In the entries below, find the line with "Funny Guy With" and the line with "Saku hÃ¸jhalset bluse Black - 261-1073-5651". Reproduce those two lines and every line between them exactly, and nothing more.

§ **WORKING DATA**:
────────────────────

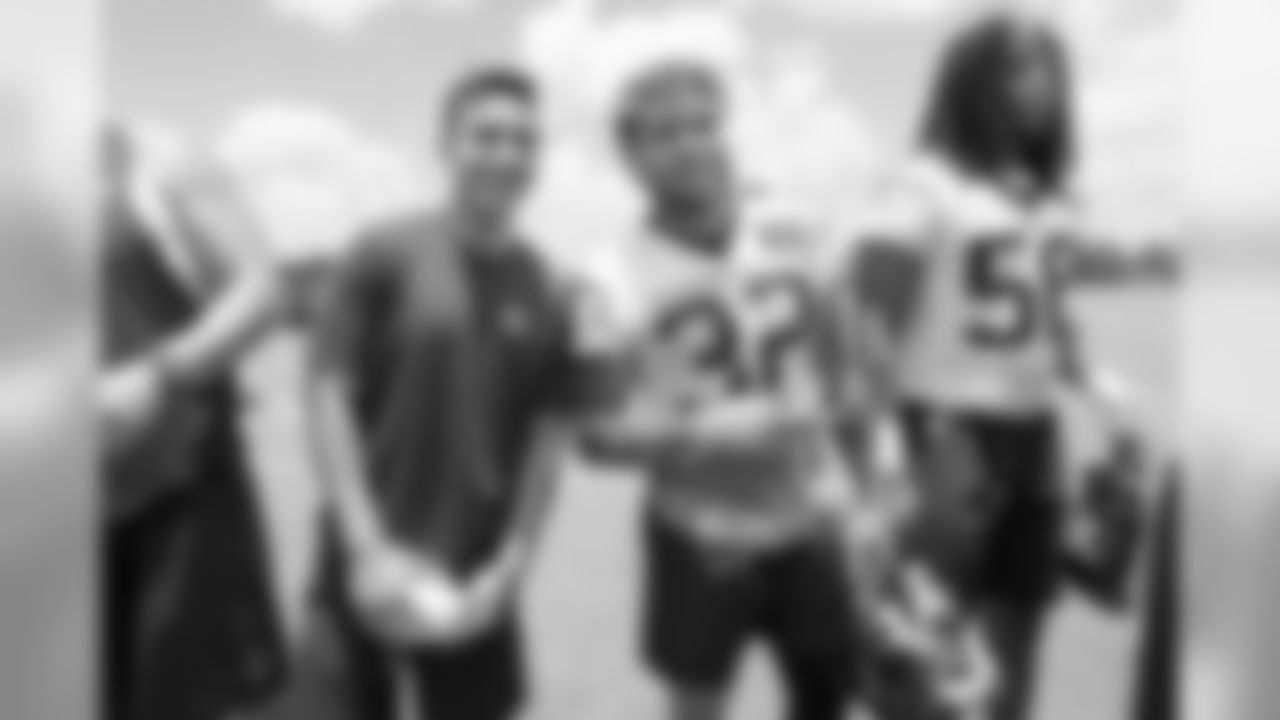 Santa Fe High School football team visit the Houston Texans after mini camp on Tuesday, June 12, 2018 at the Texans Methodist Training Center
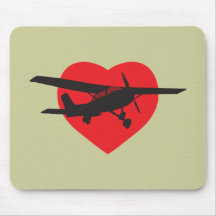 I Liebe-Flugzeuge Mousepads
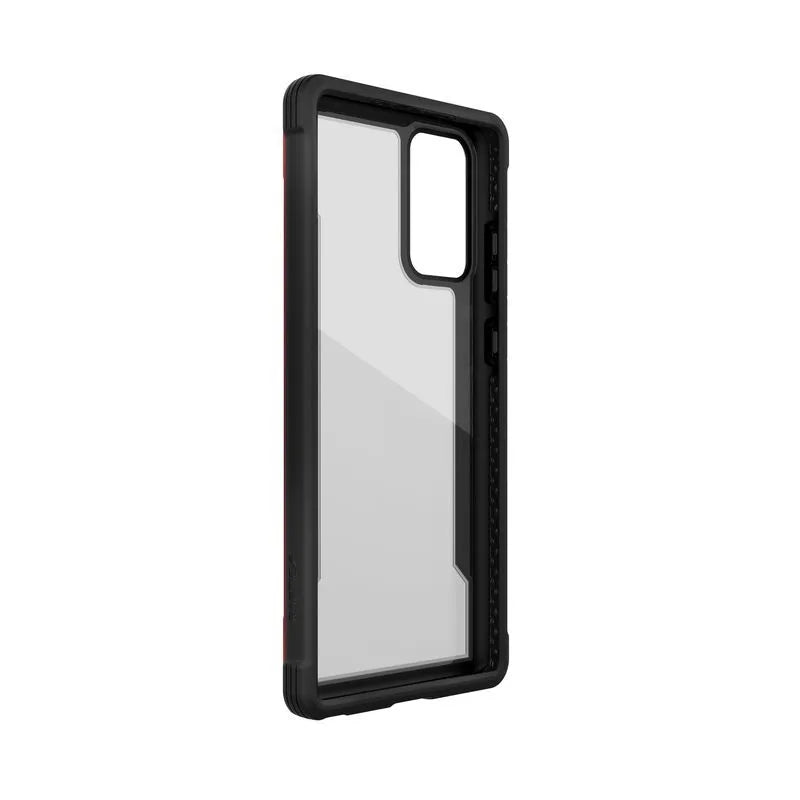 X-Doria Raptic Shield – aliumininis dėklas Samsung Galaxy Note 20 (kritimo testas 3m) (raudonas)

────────────────────

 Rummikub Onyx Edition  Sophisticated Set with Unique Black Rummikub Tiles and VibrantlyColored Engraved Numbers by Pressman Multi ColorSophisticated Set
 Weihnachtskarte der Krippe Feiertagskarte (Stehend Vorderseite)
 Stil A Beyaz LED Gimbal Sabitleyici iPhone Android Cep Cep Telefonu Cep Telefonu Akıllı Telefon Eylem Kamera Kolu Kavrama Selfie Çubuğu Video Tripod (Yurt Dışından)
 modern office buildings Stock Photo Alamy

────────────────────

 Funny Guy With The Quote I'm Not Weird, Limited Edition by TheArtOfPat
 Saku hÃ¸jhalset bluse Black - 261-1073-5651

────────────────────

§ **OUTPUT FOR THIS TASK**:
 Funny Guy With The Quote I'm Not Weird, Limited Edition by TheArtOfPat
 Saku hÃ¸jhalset bluse Black - 261-1073-5651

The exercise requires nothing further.